Core electrons in the electronic stopping of heavy ions

TL;DR

This study uses first-principles simulations to analyze how core electrons influence the electronic stopping power of heavy ions in nickel, revealing their significant role across various velocities.

Contribution

It explicitly includes core electrons in real-time density functional theory simulations to better understand their role in energy dissipation during ion penetration.

Findings

Core electrons open additional dissipation channels at higher velocities.

Almost all energy loss is explained when deep core electrons are included.

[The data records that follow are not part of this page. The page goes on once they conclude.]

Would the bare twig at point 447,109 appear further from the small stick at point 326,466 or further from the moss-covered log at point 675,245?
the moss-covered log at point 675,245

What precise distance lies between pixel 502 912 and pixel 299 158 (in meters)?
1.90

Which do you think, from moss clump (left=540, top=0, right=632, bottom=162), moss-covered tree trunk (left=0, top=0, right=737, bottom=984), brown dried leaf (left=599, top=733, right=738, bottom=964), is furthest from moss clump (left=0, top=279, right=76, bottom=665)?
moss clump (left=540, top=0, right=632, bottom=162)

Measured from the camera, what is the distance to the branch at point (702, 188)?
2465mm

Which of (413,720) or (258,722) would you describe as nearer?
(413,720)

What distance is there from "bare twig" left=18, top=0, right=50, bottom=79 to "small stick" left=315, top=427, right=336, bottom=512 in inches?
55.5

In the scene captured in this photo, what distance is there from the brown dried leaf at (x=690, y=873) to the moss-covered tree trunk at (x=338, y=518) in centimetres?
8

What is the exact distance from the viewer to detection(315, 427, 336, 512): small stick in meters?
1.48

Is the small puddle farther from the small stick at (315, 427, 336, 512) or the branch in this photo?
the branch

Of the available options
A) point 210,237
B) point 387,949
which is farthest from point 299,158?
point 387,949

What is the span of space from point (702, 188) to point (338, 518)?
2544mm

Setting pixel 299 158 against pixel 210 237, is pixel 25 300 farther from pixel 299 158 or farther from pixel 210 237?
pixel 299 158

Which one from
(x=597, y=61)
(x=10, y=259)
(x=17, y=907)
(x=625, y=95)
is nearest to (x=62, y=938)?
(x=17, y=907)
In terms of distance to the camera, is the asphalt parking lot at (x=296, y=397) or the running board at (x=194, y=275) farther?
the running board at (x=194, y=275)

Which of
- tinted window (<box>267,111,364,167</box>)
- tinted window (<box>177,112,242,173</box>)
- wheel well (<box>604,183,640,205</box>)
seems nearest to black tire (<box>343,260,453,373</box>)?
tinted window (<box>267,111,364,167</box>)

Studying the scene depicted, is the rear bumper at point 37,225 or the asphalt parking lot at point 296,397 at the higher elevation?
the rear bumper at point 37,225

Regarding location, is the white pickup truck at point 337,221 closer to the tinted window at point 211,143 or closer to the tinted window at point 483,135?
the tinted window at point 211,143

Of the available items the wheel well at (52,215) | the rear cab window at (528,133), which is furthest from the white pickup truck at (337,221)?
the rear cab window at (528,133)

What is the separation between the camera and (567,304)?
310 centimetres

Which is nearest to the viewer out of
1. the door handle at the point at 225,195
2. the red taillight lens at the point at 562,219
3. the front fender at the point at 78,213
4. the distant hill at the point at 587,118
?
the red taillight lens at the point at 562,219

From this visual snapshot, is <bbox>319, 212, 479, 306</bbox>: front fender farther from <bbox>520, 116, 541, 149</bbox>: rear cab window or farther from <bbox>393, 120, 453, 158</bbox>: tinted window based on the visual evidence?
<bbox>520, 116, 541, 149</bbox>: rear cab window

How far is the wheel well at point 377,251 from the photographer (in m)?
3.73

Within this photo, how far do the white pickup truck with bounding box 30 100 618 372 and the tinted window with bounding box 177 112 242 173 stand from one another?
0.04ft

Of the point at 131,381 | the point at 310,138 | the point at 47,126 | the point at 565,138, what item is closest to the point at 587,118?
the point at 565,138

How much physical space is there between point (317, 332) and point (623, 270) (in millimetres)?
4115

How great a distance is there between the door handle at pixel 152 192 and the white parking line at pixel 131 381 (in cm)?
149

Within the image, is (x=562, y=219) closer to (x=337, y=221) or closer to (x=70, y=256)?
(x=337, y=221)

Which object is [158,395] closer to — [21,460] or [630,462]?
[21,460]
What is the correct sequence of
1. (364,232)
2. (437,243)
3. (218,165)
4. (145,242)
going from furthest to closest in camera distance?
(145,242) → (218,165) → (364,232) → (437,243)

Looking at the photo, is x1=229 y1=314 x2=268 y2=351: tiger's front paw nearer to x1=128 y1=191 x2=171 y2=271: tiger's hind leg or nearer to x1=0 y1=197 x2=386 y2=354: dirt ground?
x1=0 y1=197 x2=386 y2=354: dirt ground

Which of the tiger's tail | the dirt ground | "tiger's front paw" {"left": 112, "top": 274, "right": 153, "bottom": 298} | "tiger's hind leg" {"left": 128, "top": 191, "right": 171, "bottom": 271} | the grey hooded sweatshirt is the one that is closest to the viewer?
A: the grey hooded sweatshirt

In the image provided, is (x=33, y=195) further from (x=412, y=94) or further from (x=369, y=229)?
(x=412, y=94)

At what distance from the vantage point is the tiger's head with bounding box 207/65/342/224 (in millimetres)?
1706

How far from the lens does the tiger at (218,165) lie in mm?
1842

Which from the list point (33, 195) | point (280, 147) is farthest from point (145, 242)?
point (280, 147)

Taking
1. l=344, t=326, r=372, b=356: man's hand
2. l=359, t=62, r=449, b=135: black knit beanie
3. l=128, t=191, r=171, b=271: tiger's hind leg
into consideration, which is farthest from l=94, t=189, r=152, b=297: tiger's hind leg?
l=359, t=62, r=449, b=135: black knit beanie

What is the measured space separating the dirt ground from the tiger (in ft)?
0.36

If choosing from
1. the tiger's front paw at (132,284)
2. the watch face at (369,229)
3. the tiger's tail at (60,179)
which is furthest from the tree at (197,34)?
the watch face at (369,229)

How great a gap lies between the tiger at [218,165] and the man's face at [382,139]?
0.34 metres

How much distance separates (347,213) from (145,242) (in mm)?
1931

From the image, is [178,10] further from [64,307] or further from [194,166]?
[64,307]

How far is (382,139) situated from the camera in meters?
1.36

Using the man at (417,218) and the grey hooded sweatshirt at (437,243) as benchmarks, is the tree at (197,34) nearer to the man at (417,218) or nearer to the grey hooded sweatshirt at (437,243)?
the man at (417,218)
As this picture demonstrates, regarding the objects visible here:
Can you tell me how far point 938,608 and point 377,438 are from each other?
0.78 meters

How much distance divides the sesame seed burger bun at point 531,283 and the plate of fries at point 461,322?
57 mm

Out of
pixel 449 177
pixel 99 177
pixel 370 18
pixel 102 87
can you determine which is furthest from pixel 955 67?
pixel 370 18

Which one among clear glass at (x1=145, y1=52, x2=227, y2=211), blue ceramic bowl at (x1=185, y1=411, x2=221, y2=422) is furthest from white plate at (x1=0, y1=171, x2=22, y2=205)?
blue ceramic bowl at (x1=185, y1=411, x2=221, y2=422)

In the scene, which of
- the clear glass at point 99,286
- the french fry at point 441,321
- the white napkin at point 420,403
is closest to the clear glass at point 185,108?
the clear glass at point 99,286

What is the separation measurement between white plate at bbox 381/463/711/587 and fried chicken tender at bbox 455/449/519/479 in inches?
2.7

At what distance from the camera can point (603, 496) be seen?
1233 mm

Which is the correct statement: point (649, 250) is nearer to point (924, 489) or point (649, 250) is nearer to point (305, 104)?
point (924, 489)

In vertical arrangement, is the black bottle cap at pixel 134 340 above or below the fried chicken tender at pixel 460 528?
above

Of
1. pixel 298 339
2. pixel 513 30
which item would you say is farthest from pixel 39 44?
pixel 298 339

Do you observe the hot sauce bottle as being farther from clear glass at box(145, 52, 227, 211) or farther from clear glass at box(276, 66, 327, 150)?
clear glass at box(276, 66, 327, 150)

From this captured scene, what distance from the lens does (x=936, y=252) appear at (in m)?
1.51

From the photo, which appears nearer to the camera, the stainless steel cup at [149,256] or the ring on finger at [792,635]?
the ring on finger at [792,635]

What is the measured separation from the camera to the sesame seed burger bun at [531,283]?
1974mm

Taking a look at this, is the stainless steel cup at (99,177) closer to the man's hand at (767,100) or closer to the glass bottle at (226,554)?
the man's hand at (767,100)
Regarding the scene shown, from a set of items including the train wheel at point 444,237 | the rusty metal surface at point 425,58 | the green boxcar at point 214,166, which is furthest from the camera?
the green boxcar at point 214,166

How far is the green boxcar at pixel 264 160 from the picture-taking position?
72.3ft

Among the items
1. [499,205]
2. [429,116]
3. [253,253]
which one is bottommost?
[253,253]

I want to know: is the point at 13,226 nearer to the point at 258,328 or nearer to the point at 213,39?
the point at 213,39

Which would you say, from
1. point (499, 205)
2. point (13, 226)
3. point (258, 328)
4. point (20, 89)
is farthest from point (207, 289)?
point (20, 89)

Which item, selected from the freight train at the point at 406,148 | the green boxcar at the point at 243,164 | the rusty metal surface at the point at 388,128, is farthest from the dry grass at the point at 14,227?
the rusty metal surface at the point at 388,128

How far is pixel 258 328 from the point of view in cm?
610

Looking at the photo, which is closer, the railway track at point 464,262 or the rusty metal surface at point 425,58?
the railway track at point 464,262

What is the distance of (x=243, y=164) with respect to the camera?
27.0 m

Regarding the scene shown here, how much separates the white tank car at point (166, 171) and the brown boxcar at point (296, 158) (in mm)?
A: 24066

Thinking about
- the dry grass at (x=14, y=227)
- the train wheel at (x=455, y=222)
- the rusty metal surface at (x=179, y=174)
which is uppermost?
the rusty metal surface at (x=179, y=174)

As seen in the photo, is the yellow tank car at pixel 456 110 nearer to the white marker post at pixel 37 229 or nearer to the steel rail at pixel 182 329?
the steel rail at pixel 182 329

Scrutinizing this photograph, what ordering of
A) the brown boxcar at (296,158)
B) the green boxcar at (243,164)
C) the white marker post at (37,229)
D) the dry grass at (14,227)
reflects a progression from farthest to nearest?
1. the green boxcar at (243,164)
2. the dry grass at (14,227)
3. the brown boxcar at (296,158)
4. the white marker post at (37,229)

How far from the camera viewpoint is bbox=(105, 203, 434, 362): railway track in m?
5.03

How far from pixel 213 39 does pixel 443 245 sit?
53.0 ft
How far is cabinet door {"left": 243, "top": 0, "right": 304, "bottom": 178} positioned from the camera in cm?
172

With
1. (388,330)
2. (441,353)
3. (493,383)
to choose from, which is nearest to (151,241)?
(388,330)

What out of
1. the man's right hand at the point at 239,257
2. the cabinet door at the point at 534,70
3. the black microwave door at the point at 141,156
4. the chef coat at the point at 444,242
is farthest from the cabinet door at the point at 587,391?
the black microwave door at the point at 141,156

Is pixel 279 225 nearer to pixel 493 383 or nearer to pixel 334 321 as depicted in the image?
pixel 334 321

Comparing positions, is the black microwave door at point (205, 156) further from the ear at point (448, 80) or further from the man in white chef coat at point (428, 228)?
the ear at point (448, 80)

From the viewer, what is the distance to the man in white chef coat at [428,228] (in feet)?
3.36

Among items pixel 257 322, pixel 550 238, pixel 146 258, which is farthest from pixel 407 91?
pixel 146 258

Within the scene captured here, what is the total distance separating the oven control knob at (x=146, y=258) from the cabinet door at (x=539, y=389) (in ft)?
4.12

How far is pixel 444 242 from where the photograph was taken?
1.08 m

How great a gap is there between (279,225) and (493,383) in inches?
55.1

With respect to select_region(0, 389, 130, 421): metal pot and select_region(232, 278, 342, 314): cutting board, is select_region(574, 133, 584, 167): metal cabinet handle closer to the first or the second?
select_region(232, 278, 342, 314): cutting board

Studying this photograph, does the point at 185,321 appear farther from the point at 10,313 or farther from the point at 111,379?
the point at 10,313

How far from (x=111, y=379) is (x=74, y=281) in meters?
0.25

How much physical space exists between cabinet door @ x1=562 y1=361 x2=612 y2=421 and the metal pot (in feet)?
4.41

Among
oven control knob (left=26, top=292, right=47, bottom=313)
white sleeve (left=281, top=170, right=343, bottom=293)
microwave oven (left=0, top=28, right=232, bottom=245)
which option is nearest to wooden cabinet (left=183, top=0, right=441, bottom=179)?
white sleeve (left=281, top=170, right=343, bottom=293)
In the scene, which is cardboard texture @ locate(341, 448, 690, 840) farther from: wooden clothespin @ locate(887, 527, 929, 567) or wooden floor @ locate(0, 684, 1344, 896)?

Dynamical response of core electrons observed at intermediate velocities.

Abstract

Electronic stopping power in the \(\mathrm{keV/\AA}\) range is accurately calculated from first principles. The energy loss to electrons in self-irradiated nickel, a paradigmatic transition metal, using real-time time-dependent density functional theory is studied. Different core states are explicitly included in the simulations to understand their involvement in the dissipation mechanism. The experimental data are well reproduced in the projectile velocity range of \(1.0 - 12.0~\mathrm{atomic~units}\). The core electrons of the projectile are found to open additional dissipation channels as the projectile velocity increases. Almost all of the energy loss is accounted for, even for high projectile velocities, when core electrons as deep as \(2s\) are explicitly treated. In addition to their expected excitation at high velocities, a flapping dynamical response of the core electrons is observed at intermediate projectile speeds.